The reveal is so subtle, so unremarkable that viewers could be excused for missing it. Armando may spend time with resistance fighters and communists, he may be a target of government officials and assassins, he may be operating under an assumed name and false pretenses, but he is no warrior. He’s simply a man who mourns the loss of his wife, who wants to protect his son, and who wants to remember his mother.
Such simple desires appear throughout The Secret Agent. Filho uses the movie’s leisurely 161-minute runtime to linger on people being people. Couples sneak off to have sex. Dona Sebastiana (Tânia Maria), who runs the refugee community, stops to listen to everyone from revelers to those suffering from headaches. In a touching but infuriating coda, the grown Fernando (also portrayed by Moura) speaks with a university student researching about Armando in the present day.
In each of these instances, we’re reminded that no matter how dangerous and nonsensical the regime may be, it cannot fully destroy the one thing that always stands against it: the mere existence the people.
Watching As Resistance
For most of us catching up with it during Oscar season, The Secret Agent is opaque and challenging, even when it’s thrilling. Filho’s eye for detail and penchant for surrealism makes the movie feel inaccessible for those who don’t understand the specifics of 1970s Brazil.

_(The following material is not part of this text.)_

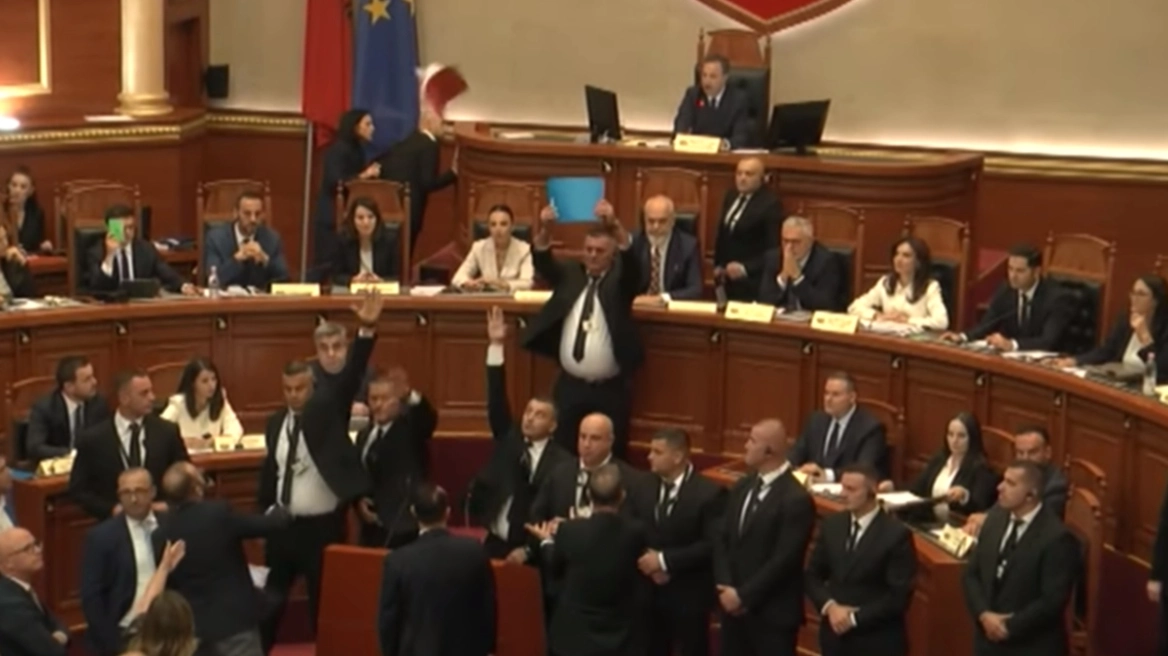 Αλβανία: Ένταση στη Βουλή για τη νέα υπουργό-ρομπότ που απάντησε! – «Εκτόξευσαν» το Σύνταγμα στον Ε.Ράμα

Yet, there are two things that every viewer of The Secret Agent has in common with those on screen. First, they are all human, and the passion, anger, love, and sorrow on screen connects us all, no matter how far away from Recife we may be. Second, we are watching a movie, and the characters in The Secret Agent are all cinephiles. They know that even pulpy stuff like Jaws and The Omen can create immediate, powerful reactions.